114 – Panic Room

Any movie that builds an entire plotline around one room in one house is just begging for trouble. I don’t care if that one room’s outfitted like Chuck E. Cheese’s restaurants; if you limit your setting, you’re asking for yawns. But that’s what Panic Room does. Sure, there’s a lot of action – such as it is – outside the room – but even what isn’t contained within the ultrathick walls of the safe place is contained within the relatively small house itself (or maybe just the ultrathick walls of the screenwriter’s mind).

The gist of the story is that Meg Altman (Jodie Foster), who’s recently been divorced from her husband, a very wealthy pharmaceutical dude, is buying this upscale brownstone in Manhattan for her and her generic kid (although not a cute generic kid; looks like they ran out of “cute” at Child Actors R Us and had to settle for not-so-cute-but-oh-so-spunky). Even though the fee is more than she’s willing to pay and even though it’s a little weird looking, our plucky heroine throws caution to the wind and buys the place. And immediately moves in – which, you homeowners know, happens with all the frequency of a loan getting approved quickly.
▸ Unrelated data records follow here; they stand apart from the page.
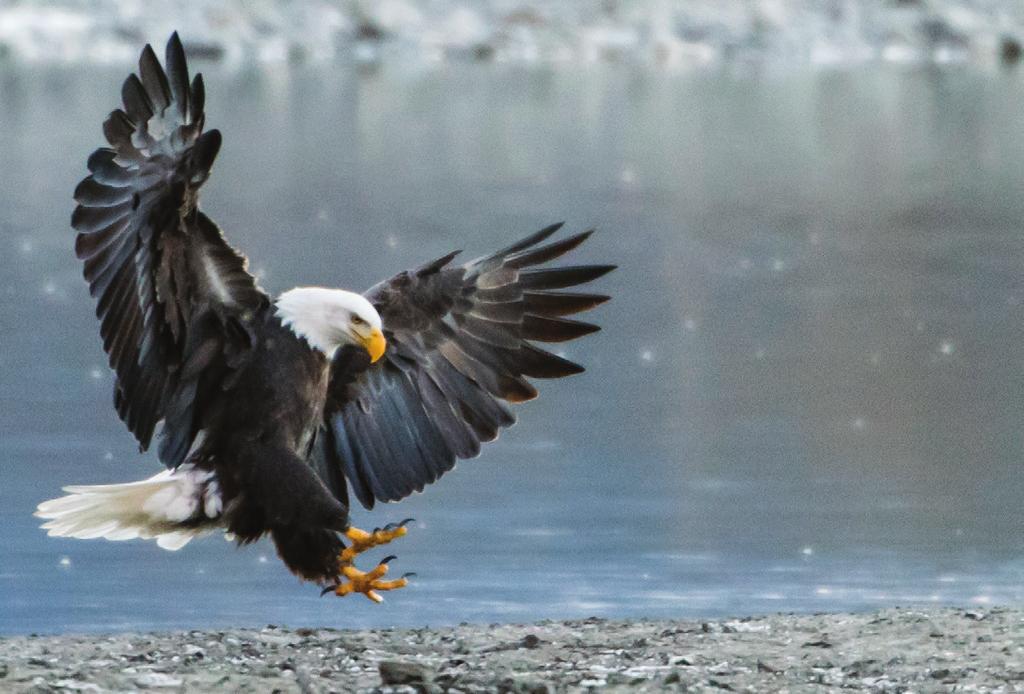 Guided daily trips into the bald eagle preserve 11/9-11/13. Private viewing at Kroschel Wildlife Preserve. Guiding, photography instruction, accomodations in Haines, park fees, lodging, and taxes.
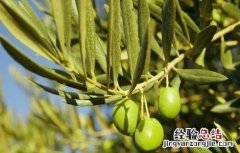 橄榄挂果期的防病虫害 橄榄花果期管理技术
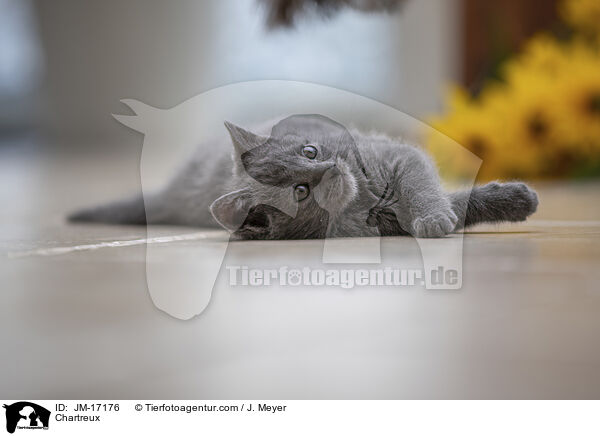 Chartreux / Chartreux / JM-17176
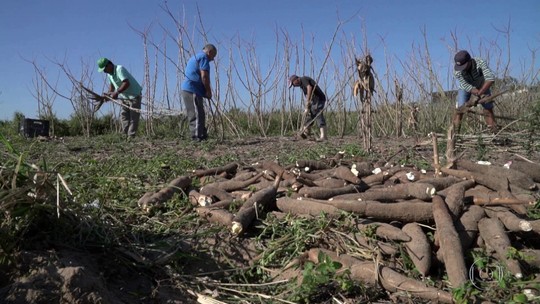 Um grupo de pessoas vestindo roupas típicas de fazenda, celebrando as tradições do campo em um evento ao ar livre.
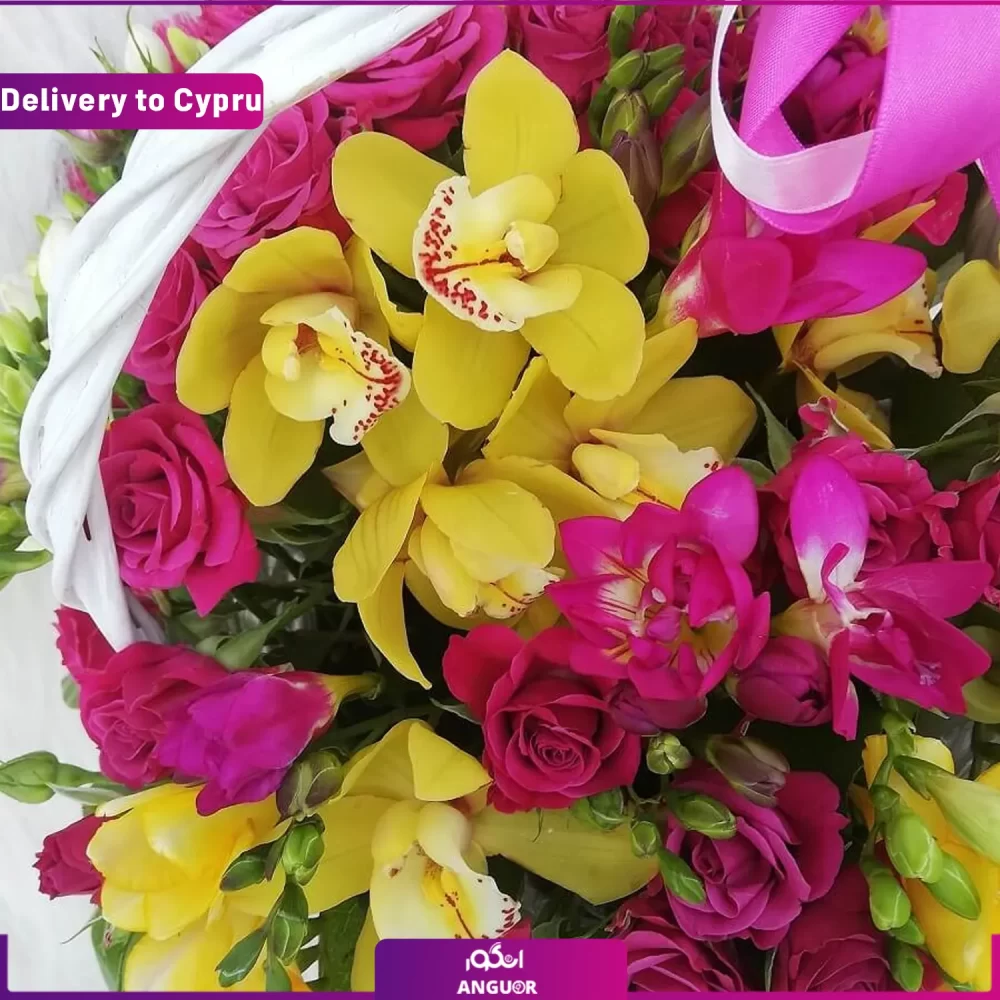 خرید باکس گل- ارسال باکس گل به خارج-ارسال هدیه به قبرس-انگور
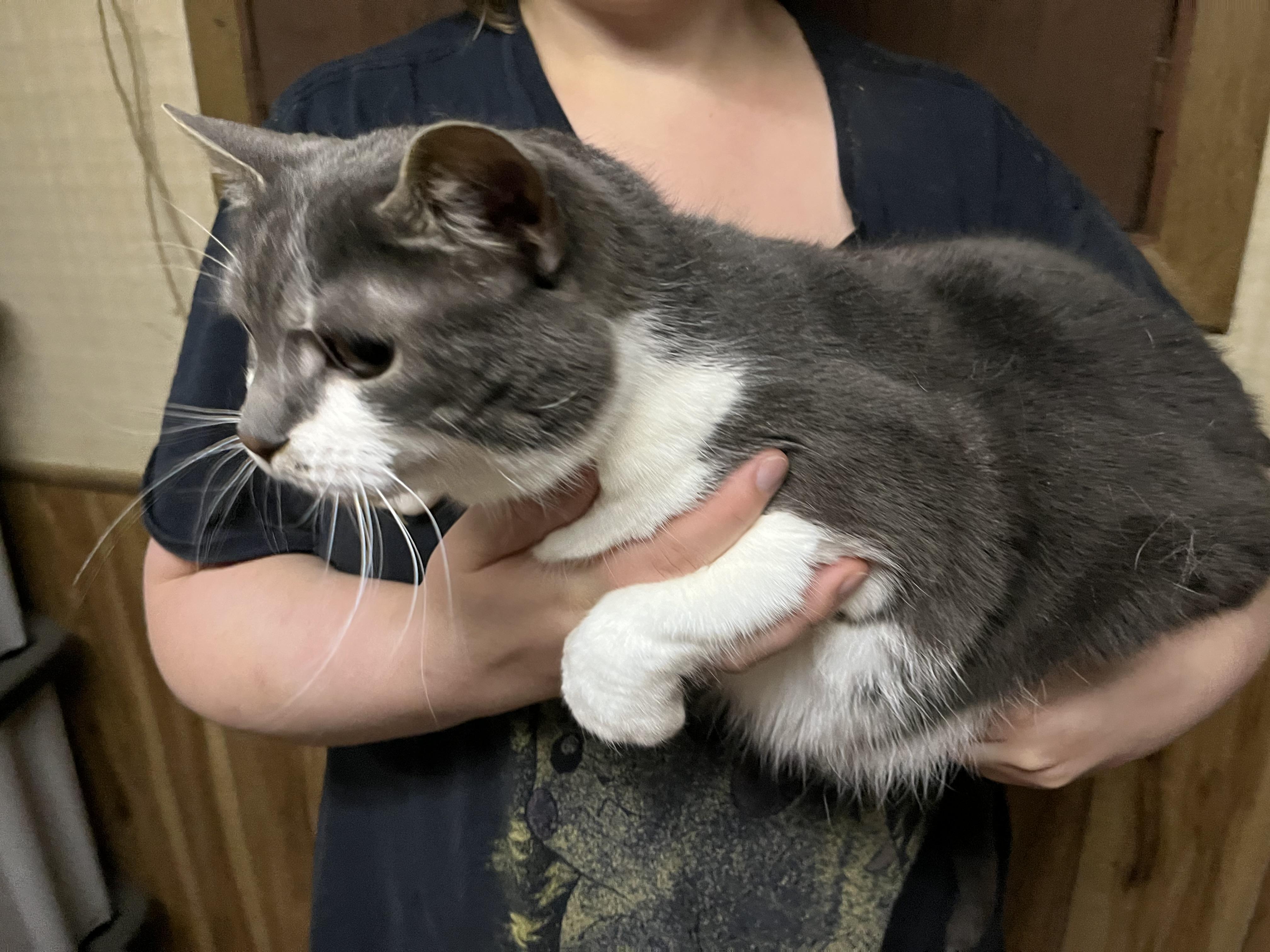 Prince duke, Adopted, Adult Male Maine Coon & Domestic Short Hair.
The place has this complicated security system – it doesn’t look all that large, frankly, but the system separates the house into zones, all “armed” at night. Sounds safe, right? When the house was being shown to Meg, she noticed that the master bedroom was smaller than it should be – surprise! There’s a hidden room! Oh, what fun! What’s it for, you ask? It’s explained to Meg that if someone breaks into the house, she can get to the room and call the police from the handy-dandy not-connected-to-the-main-line phone; even if the main line’s cut, you see, she can still call Officer Bob.

Now, I don’t know about you folks, if, while being shown a new place, I am told that the house has an awesome “safe room” in case someone breaks in – I’m getting the hell out of there. Wouldn’t that tell even the biggest dunce that there’s a crime problem in the area? I mean look – there’s a friggin’ security system! They’re saying that a) people will break in, b) the security system won’t do squat, c) you can’t call the cops from the main line because they’ll show up next week, so yay! We have this neato safe room for you.

So to begin with, the premise is mired in utter stupidity. In fact, I sit here dumbfounded by its stupidity.

Naturally, the first night Meg and her daughter Sarah are sleeping in the house, someone breaks in. Three burglars are there to recover something from the panic room’s vault, but of course they don’t expect anyone to be in the house. Okay, common mistake. One of them, Burnham (Forrest Whitaker), almost decides to call off the thing, since people are in there and he’s got this thing against hurting people, and all that. But don’t worry, he’s soon talked out of it by Junior (Jared Leto), the nominal head of this happy bunch, which also includes the unexpected Raoul (Dwight Yoakam – didn’t he used to have a music career, or something?).

Whoosh! Meg and the youngster rush to the panic room, where they proceed to panic.

A lot of contrivances abound. For one thing, Meg’s claustrophobic, so she has problems dealing. For another, Sarah is diabetic, a fact that plays an unfortunate major role in the movie. Can Meg save her child before the bad guys get to her? Oh, can she?

You know, just as an aside, I remember when Forrest Whitaker was just starting out in show biz. Remember Good Morning, Vietnam? That boy made some great career moves – Smoke was another. He’s a great supporting-role kinda guy. It’s just a crying shame this movie depends on him so heavily. He’s the only one – yes, only one – who turns in even a decent performance. And since he’s a bad guy, I should have been rooting against him, right? Ha! Guess again, Dr. Watson. I was hoping Burnham would escape.

Jodie Foster, on the other hand, gives one of the most constipated performances of a lifetime. Did she check out her contract before agreeing to this crap? This woman’s won OSCARS, for crying out loud! Geez, they couldn’t get Ann Archer to do this role? Or Christine Lahti? Or Kathleen Turner? Or anyone else whose career has slowed down a bit?

Eleven people, including me, were in the theater when I watched this movie. Eleven! It’s a new movie, too! And because there were 11, I tried my darndest not to laugh out loud at the moronic dialog, inept direction, and incompetent camerawork. Really. I tried hard. But failed. I mean, I didn’t want to embarrass myself, much as the actors onscreen were embarrassing themselves.

Oh, and to add more insult to the whole shebang, the director is the same guy who brought the creative Fight Club and Seven to the big screen. Talk about slumming! Did he owe someone a lot of money?

This turkey is rated unwatchable. The movie was somehow allowed to rise from somewhere in the murky bowels of Mother Earth to fester like a cold sore in the mouth of the American audience.